Different vote gives Trumbull commissioner candidate David Cook new life
By Ed Runyan
WARREN
The candidacy of Democrat David Cook for Trumbull County commissioner got new life Monday as one of the two Republican members of the county elections board changed her vote on whether Cook’s “bad penmanship” should remove him from the ballot.
Meanwhile, the board affirmed its earlier decision that removed Joe O’Grady as a candidate in the Democratic primary for sheriff.
After a hearing, Republican board member Cathi Creed, along with fellow Republican Ron Knight, voted to allow Cook on the March 15 ballot, while Democrats Mark Alberini and Ken Kubala upheld an earlier decision to remove him. The split means Ohio Secretary of State Jon Husted, a Republican, will break the tie.
Cook said he felt Kubala should have abstained from voting, which would have put Cook back on the ballot. Cook, a Democrat who hopes to run against incumbent county Commissioner Dan Polivka, said Kubala’s friendship with Polivka should have made him ineligible to vote on the matter. Polivka also is county Democratic Party chairman.
Asked afterward about Cook’s comments, Kubala said: “Being friends with public officials doesn’t mean a conflict of interest.”
Polivka promoted Kubala as interim county commissioner in August 2014, shortly after Democrat Paul Heltzel died.

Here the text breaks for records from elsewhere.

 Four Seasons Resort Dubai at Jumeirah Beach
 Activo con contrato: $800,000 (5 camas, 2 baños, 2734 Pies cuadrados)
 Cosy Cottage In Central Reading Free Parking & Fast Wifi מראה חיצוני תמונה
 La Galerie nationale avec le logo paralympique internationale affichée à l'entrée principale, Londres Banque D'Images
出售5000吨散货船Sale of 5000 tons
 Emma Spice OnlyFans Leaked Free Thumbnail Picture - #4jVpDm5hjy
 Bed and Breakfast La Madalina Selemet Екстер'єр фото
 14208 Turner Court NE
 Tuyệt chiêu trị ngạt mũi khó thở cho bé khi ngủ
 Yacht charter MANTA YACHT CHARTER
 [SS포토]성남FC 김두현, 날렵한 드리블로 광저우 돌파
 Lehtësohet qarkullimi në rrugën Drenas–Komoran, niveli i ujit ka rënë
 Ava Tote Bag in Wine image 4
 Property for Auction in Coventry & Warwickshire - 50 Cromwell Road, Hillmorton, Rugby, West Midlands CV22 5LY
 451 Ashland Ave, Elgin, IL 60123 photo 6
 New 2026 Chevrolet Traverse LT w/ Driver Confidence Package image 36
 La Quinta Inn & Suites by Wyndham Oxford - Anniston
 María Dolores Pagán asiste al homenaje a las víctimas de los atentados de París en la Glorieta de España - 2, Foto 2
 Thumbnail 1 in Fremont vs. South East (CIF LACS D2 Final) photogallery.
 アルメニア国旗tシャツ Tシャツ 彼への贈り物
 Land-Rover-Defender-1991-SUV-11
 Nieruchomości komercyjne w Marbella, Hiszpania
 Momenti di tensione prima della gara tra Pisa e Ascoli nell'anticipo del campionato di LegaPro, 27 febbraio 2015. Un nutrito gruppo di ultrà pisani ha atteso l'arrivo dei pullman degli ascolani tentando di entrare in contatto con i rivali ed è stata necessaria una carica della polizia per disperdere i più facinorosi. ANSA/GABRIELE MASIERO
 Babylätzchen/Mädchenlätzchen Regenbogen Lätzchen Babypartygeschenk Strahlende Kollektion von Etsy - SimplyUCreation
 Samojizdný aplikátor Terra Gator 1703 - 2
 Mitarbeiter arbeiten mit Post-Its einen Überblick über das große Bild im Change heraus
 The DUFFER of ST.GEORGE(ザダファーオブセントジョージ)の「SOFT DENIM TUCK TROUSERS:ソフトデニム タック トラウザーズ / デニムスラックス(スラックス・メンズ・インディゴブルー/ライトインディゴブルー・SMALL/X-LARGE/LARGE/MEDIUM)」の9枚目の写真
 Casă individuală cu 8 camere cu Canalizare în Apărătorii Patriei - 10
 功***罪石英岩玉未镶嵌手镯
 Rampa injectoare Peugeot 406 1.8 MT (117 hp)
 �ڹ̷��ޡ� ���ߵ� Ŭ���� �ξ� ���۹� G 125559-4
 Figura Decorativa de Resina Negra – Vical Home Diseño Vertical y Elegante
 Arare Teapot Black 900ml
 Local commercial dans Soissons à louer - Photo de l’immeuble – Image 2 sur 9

But members of the county Democratic Party Central Committee voted to elect Mauro Cantalamessa instead.
The elections board Dec. 28 ruled Cook ineligible to run in the primary because one page of his petitions had a confusing number on it, representing the number of signatures on that page of his petitions.
It was supposed to be a 21, but some board members felt it looked more like a 20. Alberini said that giving the wrong number was a clear-cut disqualifier under Ohio law.
Cook told the board Monday he has carpal-tunnel syndrome in his writing hand and arthritis in that wrist. “I think I just got in a hurry that day and my hand shook,” he said. He called it poor penmanship. “I thought I made a proper “1,” and that’s all it comes down to,” he said.
Cook, of Warren, has run several times in the past for county commissioner and once for state representative. He has never held elective office.
O’Grady’s attorney, John Large, told the elections board he believes O’Grady and another first-time candidate for sheriff, Democrat Paul Monroe, were both confused by their deadline to submit proof that they had the minimum qualifications to be sheriff.
Both men received a booklet from the elections board that elections officials acknowledge was “not as clear” as other guidance available.
O’Grady was removed from the ballot because he turned in the proof Dec. 17, one day after the deadline. Monroe turned in his proof 22 minutes before the 4 p.m. deadline Dec. 16, Large said. Monroe, whose candidacy was approved by the elections board, has acknowledged that he gathered many of the documents the same day he submitted them.
Elections board employee Joanne Hulvalchick testified that she received a call from Monroe the morning of Dec. 16 asking for clarification of the deadline because someone had called him about it. Hulvalchick called Monroe back and said she did not know the deadline. She also called O’Grady’s treasurer, his sister Cathy O’Grady, and advised her that the deadline might be approaching.
Cathy O’Grady said she received a voicemail from Hulvalchick at 2 p.m. Dec. 16, when she got off work, and notified her brother. He didn’t have enough time to get all of the documents together that day and finished it the next day.
“Both of these men are responsible men, and they would not have waited to the last minute to do this” if they had gotten good information from the elections board, Large said of O’Grady and Monroe.
Before the board voted 4-0 to reject O’Grady’s appeal, board member Mark Alberini said board members “always lean toward putting candidates on the ballot ... but we are bound by the law and we have to make our decisions based on that.”
Alberini said a primary factor is that it is “a candidate’s responsibility ... to know the deadlines” and cited other guidance available that clearly stated the deadline.